=== Source information ===

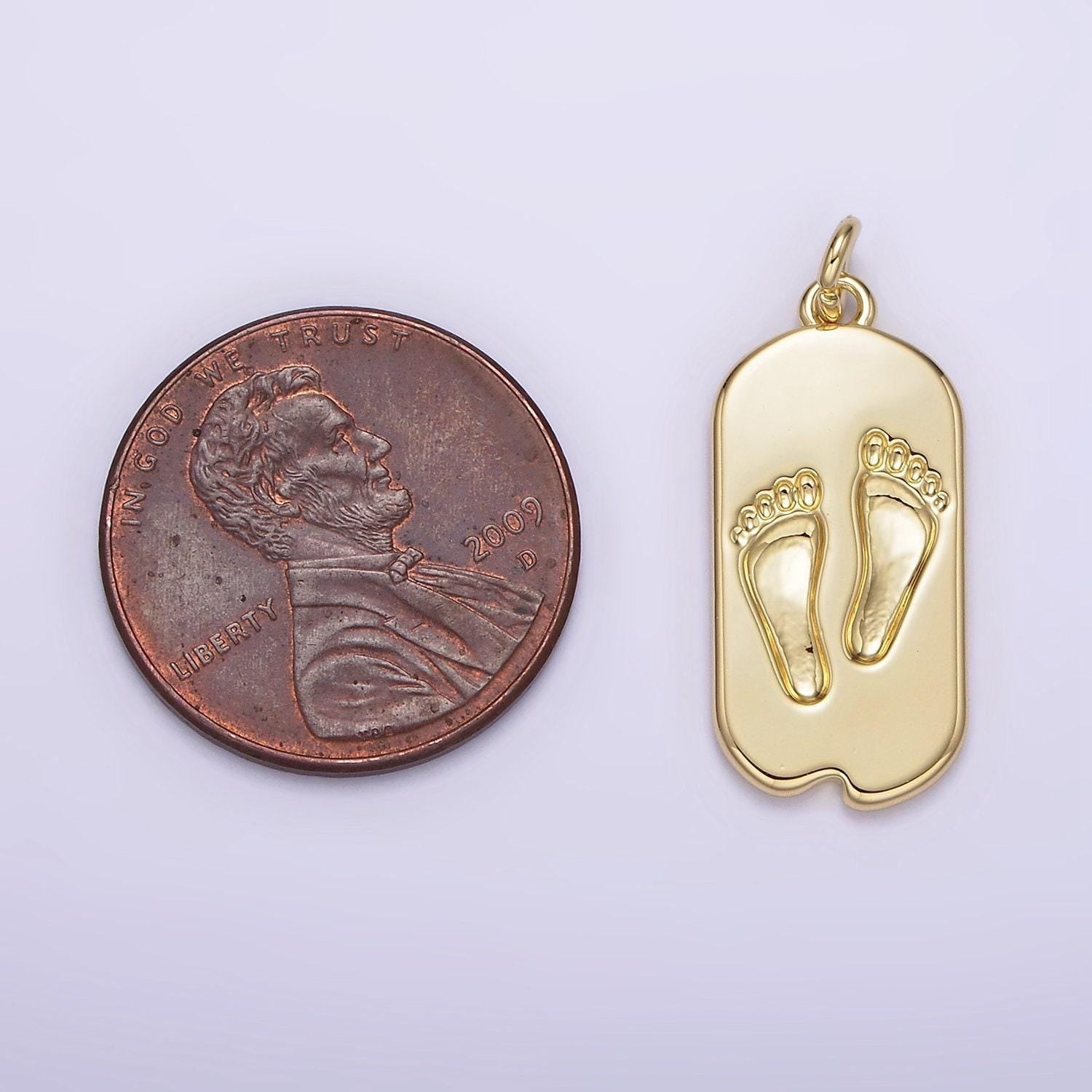 14k gold filled baby footprint chipped oval tag charm baby shower gift idea | ag308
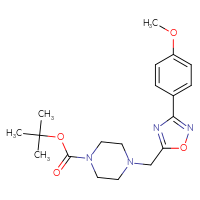 Chemical structure of tert-butyl 4-{[3-(4-methoxyphenyl)-1,2,4-oxadiazol-5-yl]methyl}piperazine-1-carboxylate - CSSB00020598768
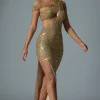 Oh Polly Holiday Party Dresses & Outfits^Embellished Asymmetric Cut-Out Gown in Gold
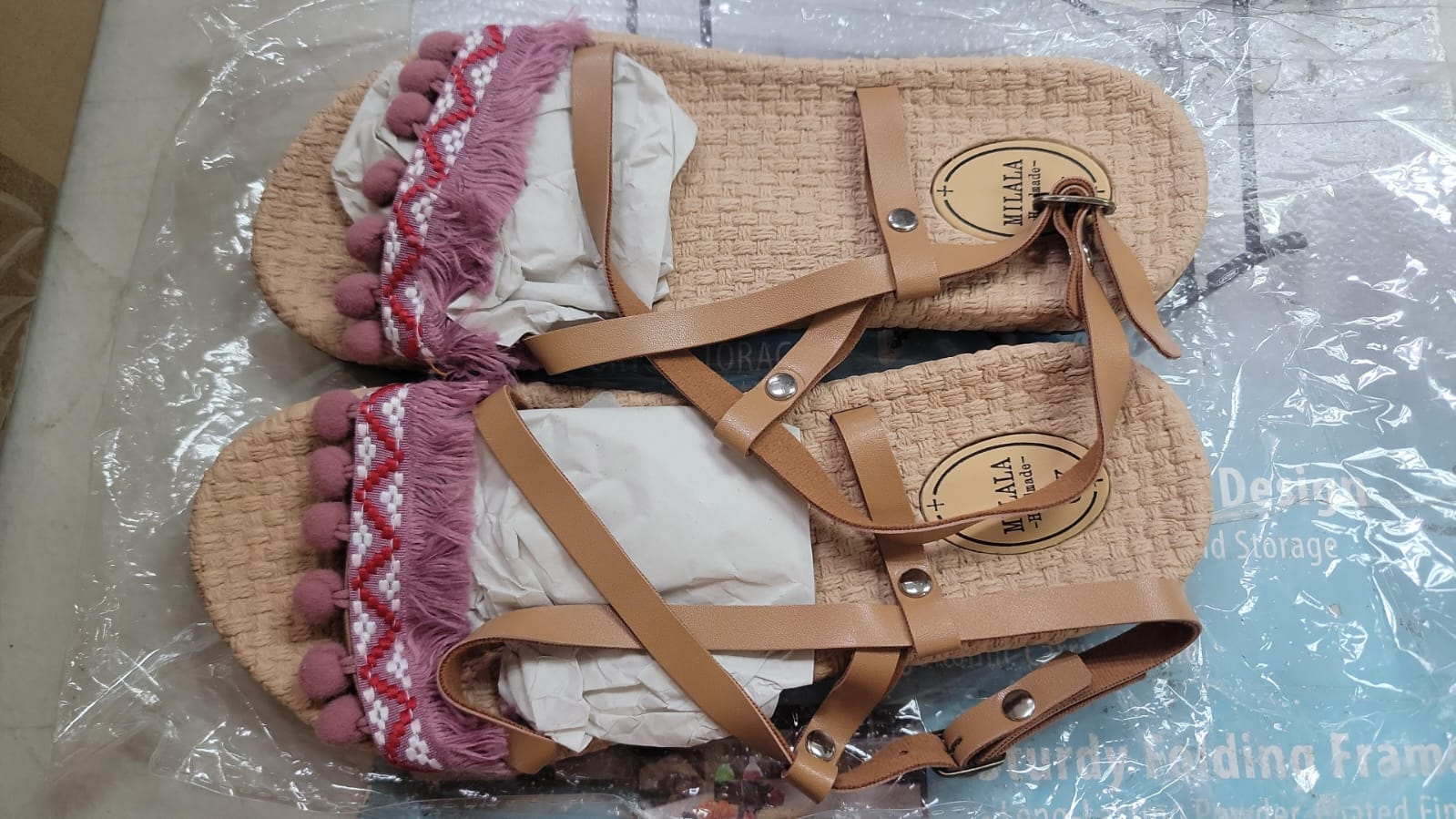 4G043 泰國手工繞頸套趾涼鞋 粉色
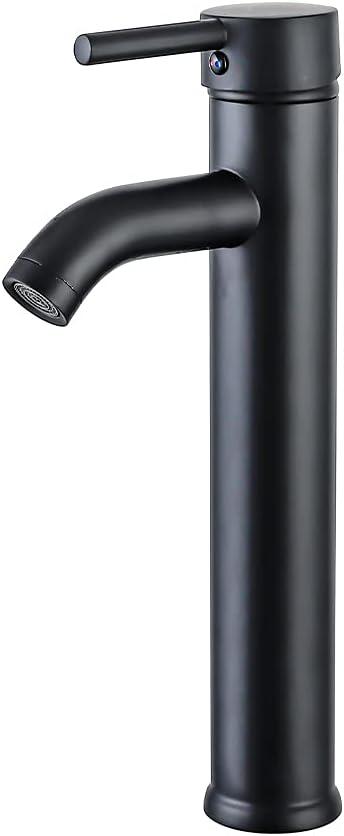 Black Bathroom Sink Faucet Single Handle High One Hole Wash Basin Bathroom Brass High Matte Black Basin Faucet NICTIE (Tall)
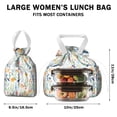thumbnail image 5 of Pioneer Flower Floral Print Pattern Drawstring Lunch Bag Women - Drawstring Lunch Bag Insulated for Work Office - Stain-Resistant Large Lunchbags for Women with Multi-Pockets, 5 of 6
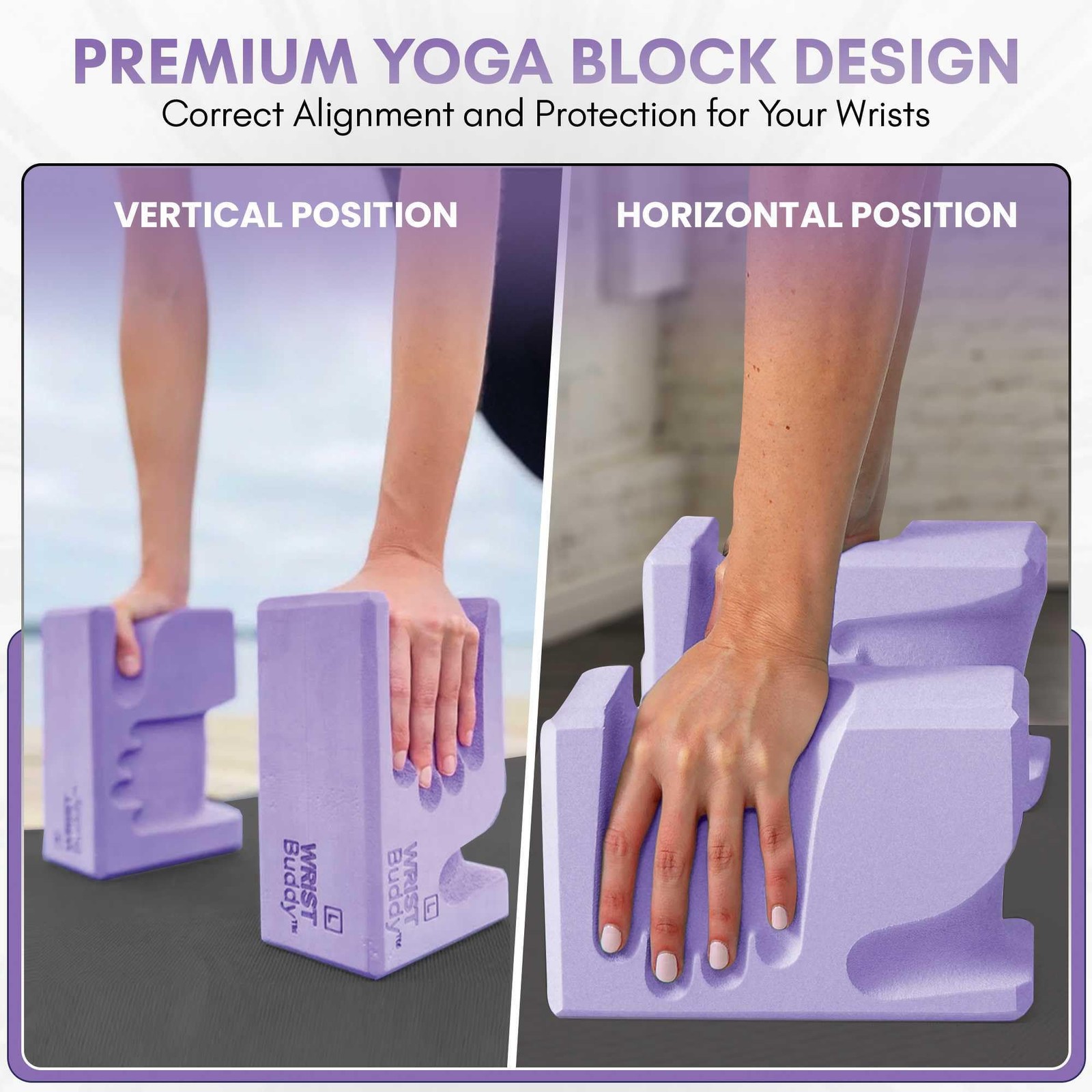 WRISTBuddy® Yoga Blocks 2-Pack (Left + Right) — Ergonomic, 9x6x4 IN, Lavender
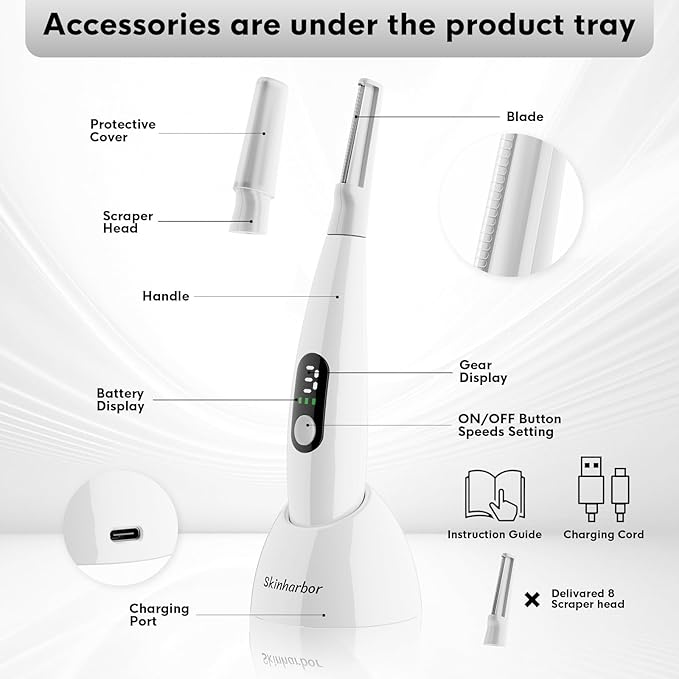 Sonic Dermaplane Razor for Women Face,Women’S Facial Exfoliation & Peach Fuzz Hair Removal System,Anti-Aging–3 Speeds–8 Dermaplaning Blades–Rechargeable,Sonic Dermaplaning Tool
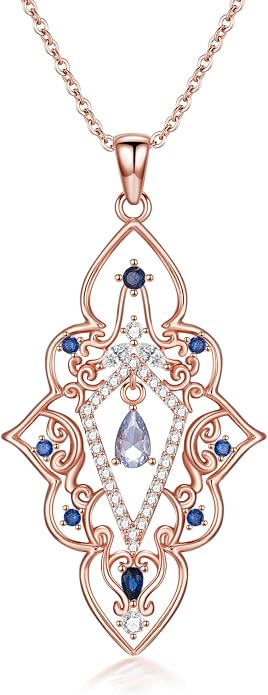 925 Sterling Silver Butterfly/Crescent/Witches Knot/Fleur-De-Lis/Thorny Crown Pendant Necklace Gold Plated Gemstone Birthday Gift for Wife Girlfriend Mom Daughter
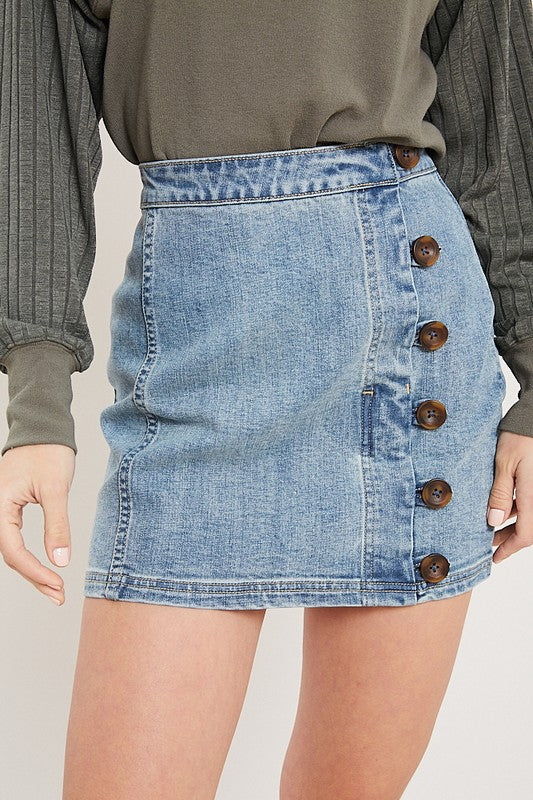 fitted jean skirt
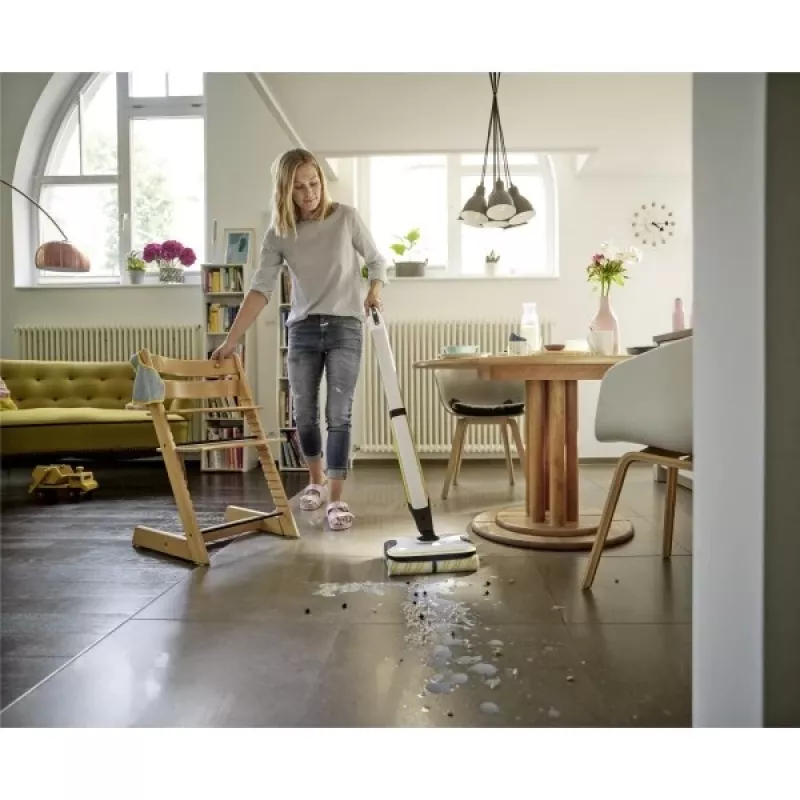 Kärcher FC 7 CORDLESS Elektriskā slota ar akumulatoru, mitrā tīrīšana, bez maisa, melna, balta, dzeltena, 2,85 Ah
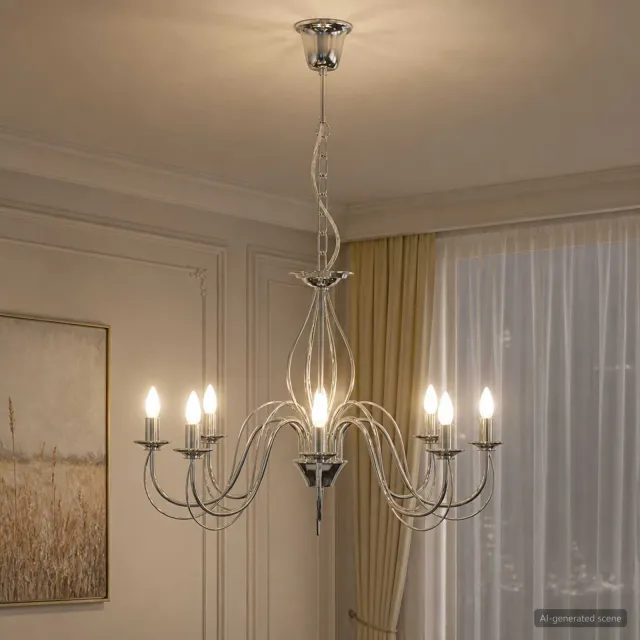 vidaXL Verstelbare kroonluchter E14 Metaal Chroom Ø 78 x 101 cm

===

- _Work request_: Copy needed, without pictures: the lines of the listing above from the line containing "Sonic Dermaplane Razor" up to and including the line containing "fitted jean skirt", set down exactly.

- _Your solution_:
 Sonic Dermaplane Razor for Women Face,Women’S Facial Exfoliation & Peach Fuzz Hair Removal System,Anti-Aging–3 Speeds–8 Dermaplaning Blades–Rechargeable,Sonic Dermaplaning Tool
 925 Sterling Silver Butterfly/Crescent/Witches Knot/Fleur-De-Lis/Thorny Crown Pendant Necklace Gold Plated Gemstone Birthday Gift for Wife Girlfriend Mom Daughter
 fitted jean skirt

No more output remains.